Интересное дело. У некоторых поэтов бывает аномальная любовь к определенным словам. Ну то есть листаю я (уже почти машинально) корпус русского языка по какому-то нечастому слову, а фамилии так и проносятся мимо без определенной логики. Тут тебе был Тредиаковский, тут уже сразу Майков и, скажем, Дельвиг неподалеку, — пропуск — и Надсон шмыгнул, кажется; Бальмонт мелькнул, — пропуск —, затем то ли Кедрин, а то ли Сельвинский, а потом хоп и Белла Ахмадулина.
И все это как-то так подбирается, что понятно сразу, что все эти наши литераторы к этому слову отношения особенного и не имели. Ну, пересеклись они на языковых дорожках, откланялись, возможно, сухо — и пошли дальше.
Но порою вдруг врывается одно имя снова и снова и снова. И снова. И я понимаю: это не случайность. Это серьезное чувство стихослагателя к своему стройматериалу.
Вот, например, слово «убрус». Это такое полотенце, которое вязали на голову. И еще термин в иконописи: когда рисунок изображает полотнище.
Его из всех русских поэтов искренне любил только Николай Алексеевич Клюев:
— Пустынные девы всегда под фатой // Зимой в горностаях, в убрусах весной. — Рассветной тучки на убрусе // Я поклонился прядью русой — В убрусах из закатной меди // Венцы нездешней филиграни. — И не склонится Русь-белица // Над убрусом, где златен лик. — Гробно выбелим убрусы // И с заранкой-снегирем // Пеклеванному Исусу // Алевастры понесем. — Псалтырь царя Алексия // В страницах убрусы, кутья // Неприкаянная Россия // По уставам бродит кряхтя.

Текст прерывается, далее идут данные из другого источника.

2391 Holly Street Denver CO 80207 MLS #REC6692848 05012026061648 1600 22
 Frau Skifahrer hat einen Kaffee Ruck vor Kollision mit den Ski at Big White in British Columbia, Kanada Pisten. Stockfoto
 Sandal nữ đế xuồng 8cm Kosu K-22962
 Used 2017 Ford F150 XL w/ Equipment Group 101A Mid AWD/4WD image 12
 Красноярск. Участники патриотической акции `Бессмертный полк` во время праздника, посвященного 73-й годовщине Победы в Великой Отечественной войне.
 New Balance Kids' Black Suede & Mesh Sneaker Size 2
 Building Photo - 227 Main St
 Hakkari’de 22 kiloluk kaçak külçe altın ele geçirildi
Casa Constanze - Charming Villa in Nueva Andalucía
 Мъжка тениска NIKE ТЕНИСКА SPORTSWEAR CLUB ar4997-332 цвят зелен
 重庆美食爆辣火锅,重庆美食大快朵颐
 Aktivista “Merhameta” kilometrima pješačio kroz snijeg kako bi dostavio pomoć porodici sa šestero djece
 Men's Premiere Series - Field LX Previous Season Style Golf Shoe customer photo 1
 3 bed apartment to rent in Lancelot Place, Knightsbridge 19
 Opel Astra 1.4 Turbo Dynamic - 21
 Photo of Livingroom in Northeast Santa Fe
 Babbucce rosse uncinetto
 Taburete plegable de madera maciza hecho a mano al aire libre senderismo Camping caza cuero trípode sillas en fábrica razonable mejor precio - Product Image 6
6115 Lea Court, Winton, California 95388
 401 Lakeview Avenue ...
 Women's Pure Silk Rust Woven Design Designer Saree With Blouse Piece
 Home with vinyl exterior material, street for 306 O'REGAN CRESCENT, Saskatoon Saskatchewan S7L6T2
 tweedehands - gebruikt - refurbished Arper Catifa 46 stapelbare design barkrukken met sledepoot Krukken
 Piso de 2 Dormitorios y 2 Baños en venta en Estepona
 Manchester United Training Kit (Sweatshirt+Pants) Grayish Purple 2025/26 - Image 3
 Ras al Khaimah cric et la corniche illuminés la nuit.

К слову «треух» (шапка-ушанка) подобная симпатия проявилась у Иосифа Александровича Бродского, а боле ни у кого:
— Населенье сдается, не сняв треуха. — Поскольку царство духа // безмолвствует с женою наравне // Жаль, нет со мною старого треуха! — и не достать рукой // до этих слов, произнесенных глухо // вот униженье моего треуха. — Лишь мальчик, сжав снежок // стащив треух, ползет на приступ скрытно.
А со словом «москательный» (так прежде на Руси называли бытовую химию) горячего чувства не случилось ни у кого. Разве что Осип Эмильевич Мандельштам вспомнил о нем дважды:
— И вот лежишь на москательном ложе // И с тебя снимают посмертную маску. — Страна москательных пожаров // И мертвых гончарных равнин // Ты рыжебородых сардаров // Терпела средь камней и глин.